◆ ACTIVITY ◆
Apart from the pictures, write out the records that follow exactly.

GIVEN RECORDS section start

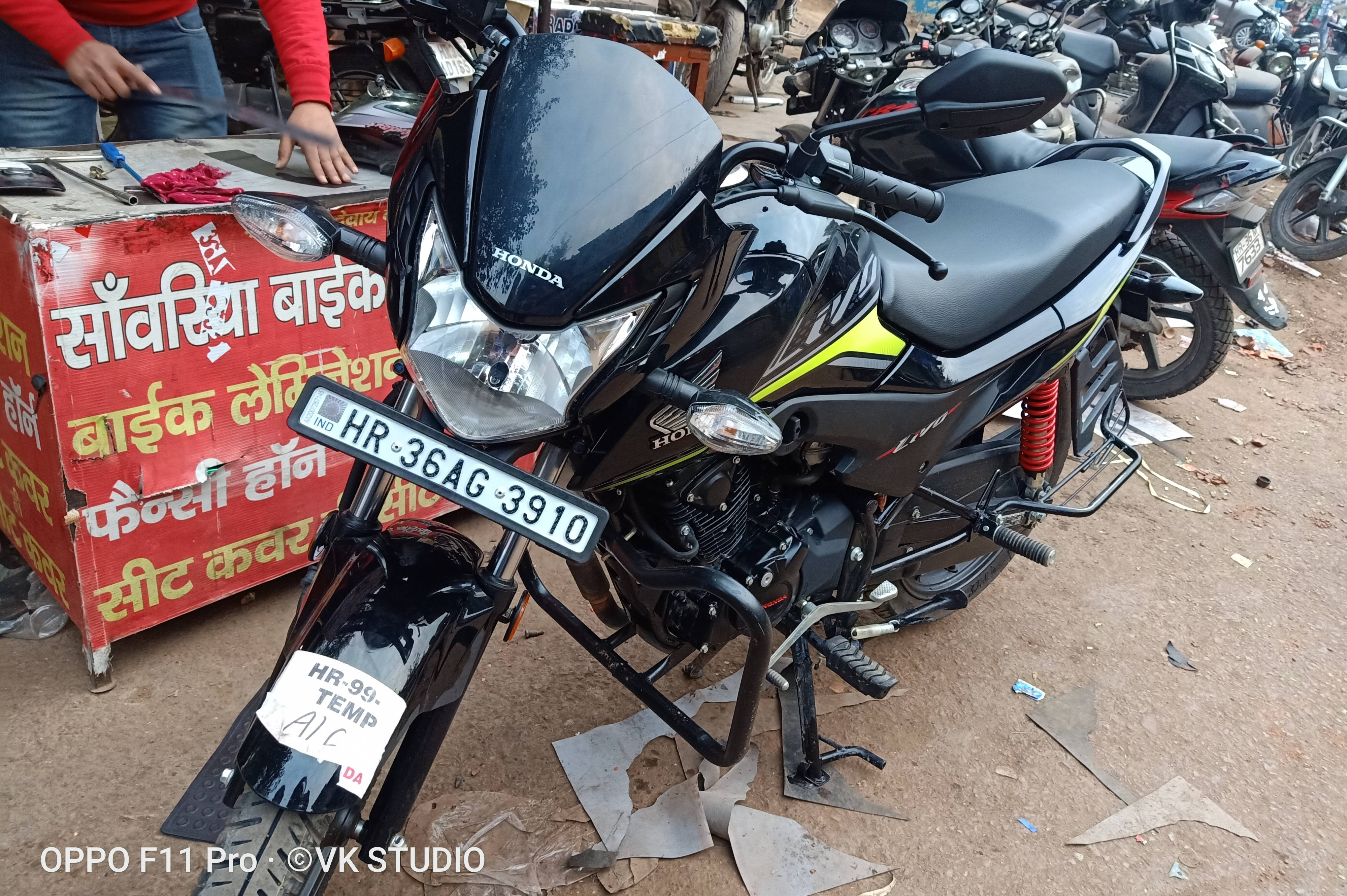 Second Hand Bikes in Rewari Used Bikes for Sale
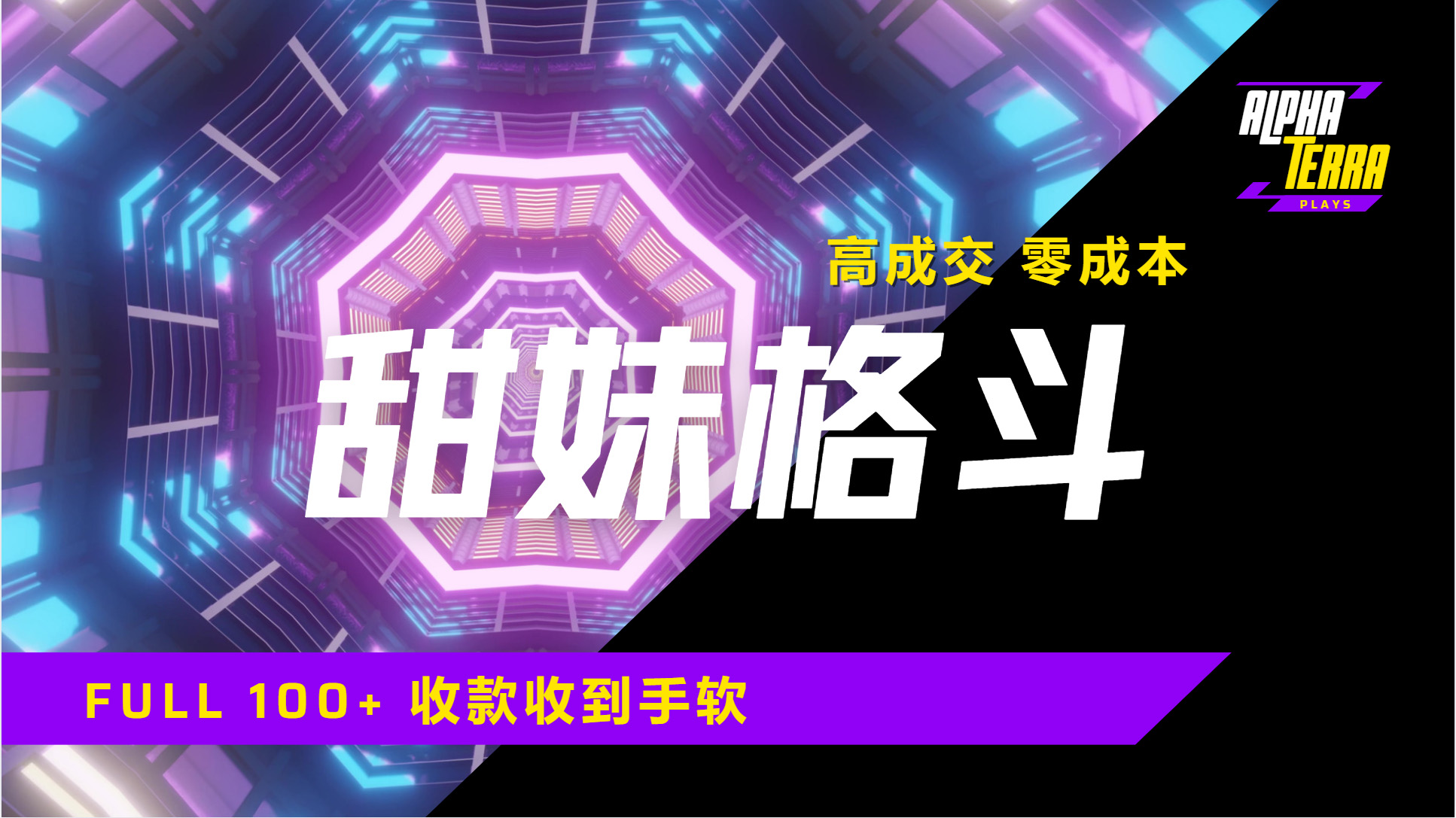 高成交零成本，售卖甜美格斗课程，谁发谁火，加爆微信，日入1000+收款到手软保姆级教程大成网创吧-网创项目资源站-副业项目-创业项目-搞钱项目大成网创吧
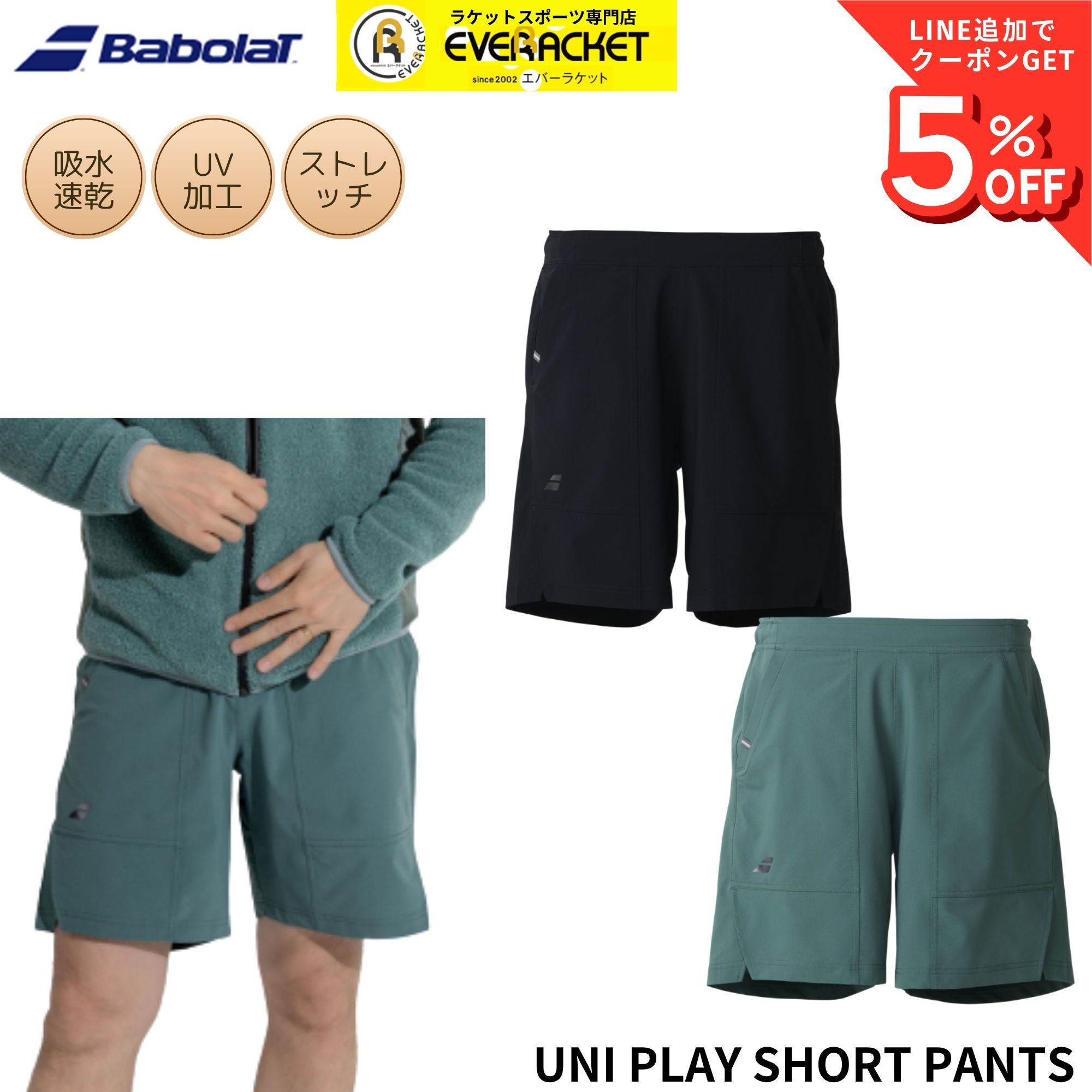 【最短出荷】バボラ BABOLAT ウエア ウェア PLAY SHORT PANTS BUG6450 バドミントン・テニス 2026FW B-4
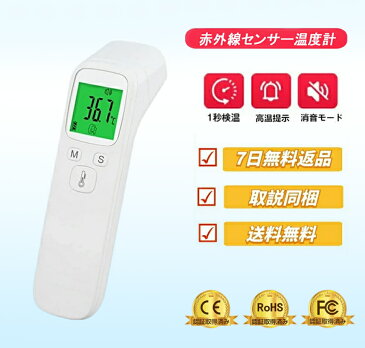 「☆500円OFFクーポン★」 敬老の日ギフト 【7日間無料返品対応】非接触 赤外線 温度計 非接触 高精度 一秒検温 非接触式 赤外線温度計 非接触型 非接触体温計【日本製 医療用 体温計 ではありません】【送料無料】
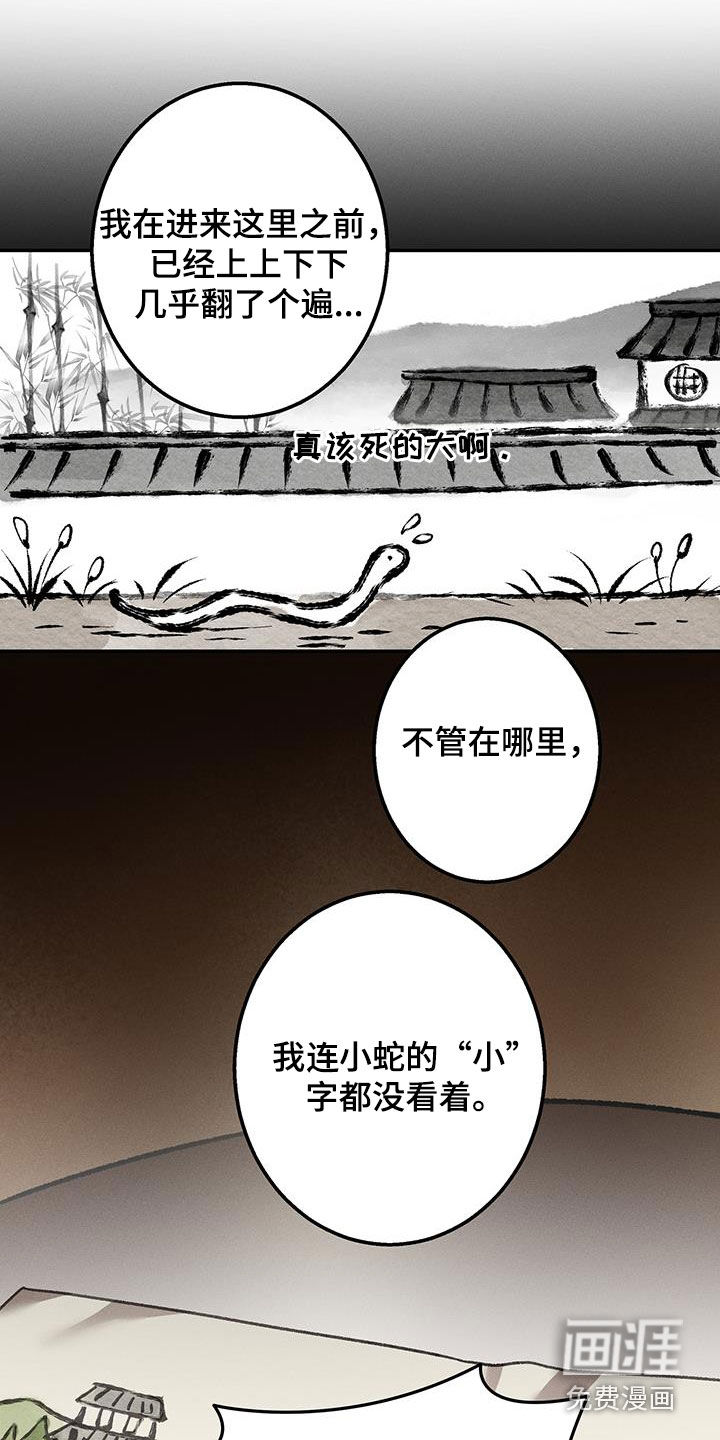 第56话11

GIVEN RECORDS section end

◆ OUTPUT ◆
 Second Hand Bikes in Rewari Used Bikes for Sale
 高成交零成本，售卖甜美格斗课程，谁发谁火，加爆微信，日入1000+收款到手软保姆级教程大成网创吧-网创项目资源站-副业项目-创业项目-搞钱项目大成网创吧
 【最短出荷】バボラ BABOLAT ウエア ウェア PLAY SHORT PANTS BUG6450 バドミントン・テニス 2026FW B-4
 「☆500円OFFクーポン★」 敬老の日ギフト 【7日間無料返品対応】非接触 赤外線 温度計 非接触 高精度 一秒検温 非接触式 赤外線温度計 非接触型 非接触体温計【日本製 医療用 体温計 ではありません】【送料無料】
 第56话11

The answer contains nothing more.